WHAT YOU SHOULD DO: Only the pictures are to be dropped, and the rest of the data should be copied exactly.

DATA PROVIDED START

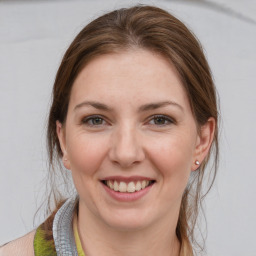 Joyful white young-adult female with medium  brown hair and grey eyes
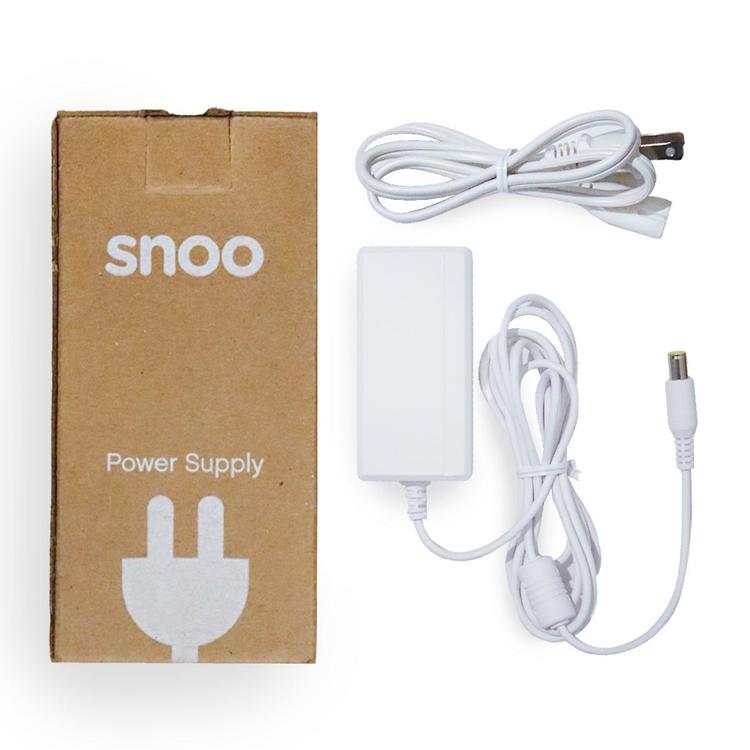 SNOO Power Adapter with the box beside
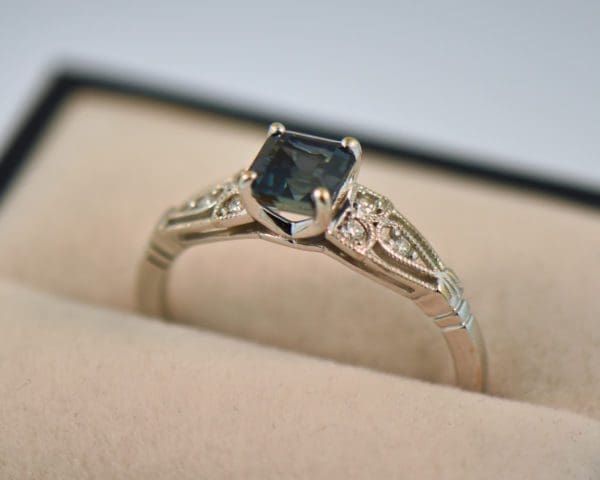 emerald cut teal sapphire bicolor engagement ring 5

DATA PROVIDED END

RESPONSE:
 Joyful white young-adult female with medium  brown hair and grey eyes
 SNOO Power Adapter with the box beside
 emerald cut teal sapphire bicolor engagement ring 5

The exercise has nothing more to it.